You may not care that President Trump’s twitter account went dark for 11 minutes recently. Regardless of where you are on the political scale, maybe you should.

Trump has used Twitter for a way to bypass traditional media and get his message out unfiltered.  When someone working with a social media company can effectively mute the POTUS because he disagrees with his views, that’s a problem.  Maybe you’re a die-hard Democrat and thinks it’s a good thing someone shut down the Trump-ster.  But imagine if the same thing had been done to President Obama.  Would you feel differently?

“My Twitter account was taken down for 11 minutes by a rogue employee,” the President said via tweet.  “I guess the word must finally be getting out-and having an impact.”

How much control should social media companies have over public discourse?

It raises the question about how much control social media companies have over public discourse, whether they’ve created something that can even be controlled, and whether it should be controlled.

With a backdrop of Congressional investigations into Facebook ads and the role they may have played in the recent election, the platforms themselves are coming under scrutiny.

Is a company like Facebook allowed to have its own political viewpoint and control the conversation?  Or do they have to stay non-partisan?  Tough questions with no easy answers.

Certainly the company has the right to make its views known just as you have the right to stop doing business with the company if you don’t like it’s political.  The company has no legal responsibility to provide balance or opposing viewpoints.  In fact, Facebook CEO Mark Zuckerberg has said repeatedly that Facebook is not a media company – that it is a platform for individuals to share views.

So do they have a responsibility to manage those views?

“We’re a new kind of platform for public discourse — and that means we have a new kind of responsibility to enable people to have the most meaningful conversations,” Zuckerberg said in a Facebook post, “and to build a space where people can be informed.”

Are social media companies really media companies with responsibilities or are they more similar to a town square?

 

 

Twitter initially reported that President Trump take-down was done by an employee, but later amended the statement to say it was a contractor on their last day working with Twitter.  It makes you wonder about the company’s internal security.

“We have implemented safeguards to prevent this from happening again.

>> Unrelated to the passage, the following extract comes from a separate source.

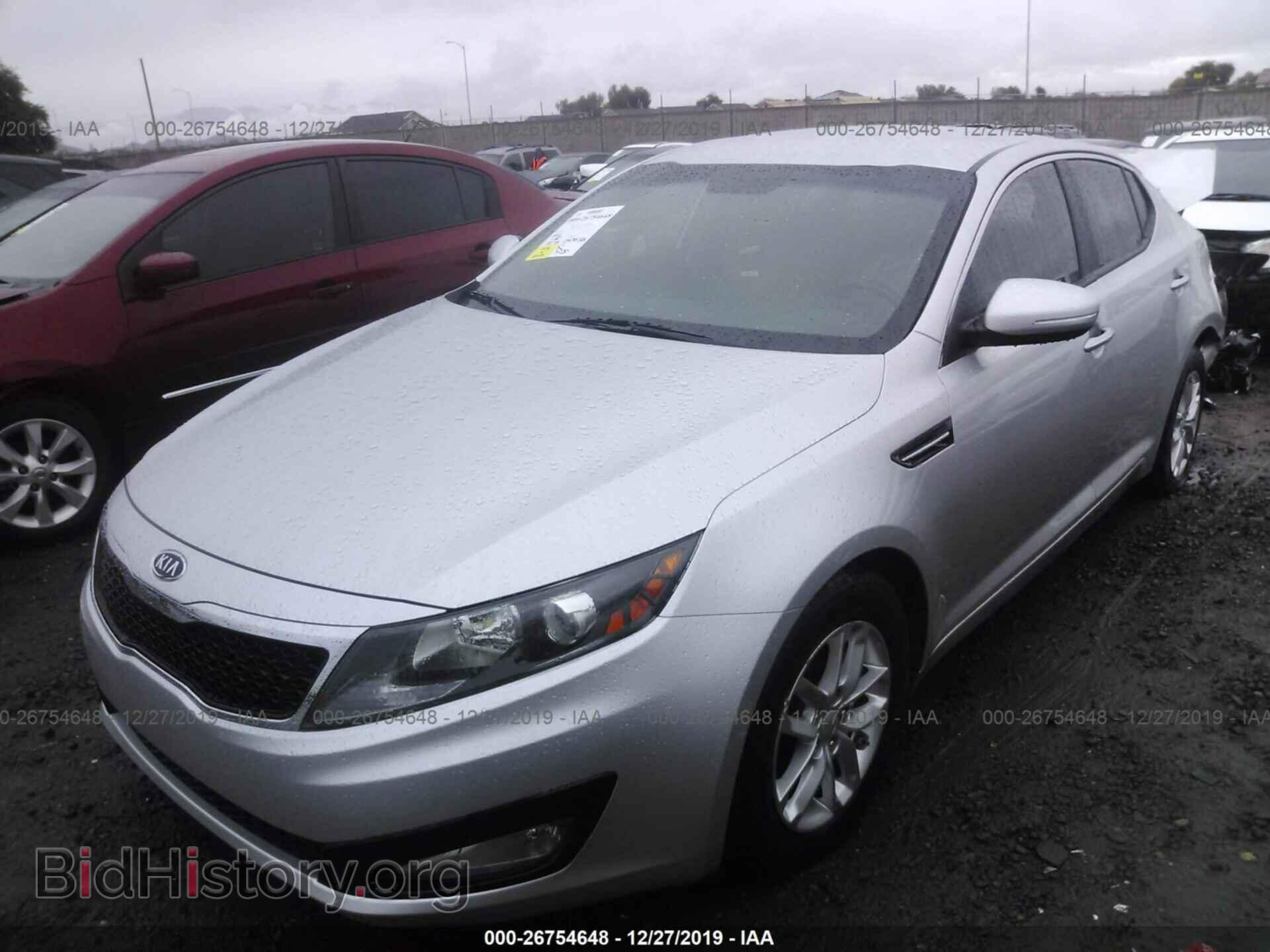 2012 KIA OPTIMA - VIN: KNAGM4A72C5275198 - Фото 2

We won’t be able to share all details about our internal investigation or updates to our security measures, but we take this seriously and our teams are on it.” – Twitter via Twitter

twitter gov on trump

It does lead you to think about the amount of power a few tech leaders could have on the national discourse. Cloudflare CEO Matthew Prince was on CNN recently, being interviewing for his decision to kick a neo-Nazi group off his platform.  While he got praised by many for his decision, he also has concerns.

“I think it is really risky if you have a group of essentially 10 tech CEOs, that if you somehow offend all 10 of them,” Prince told CNN, “that you can effectively not be on the internet anymore.”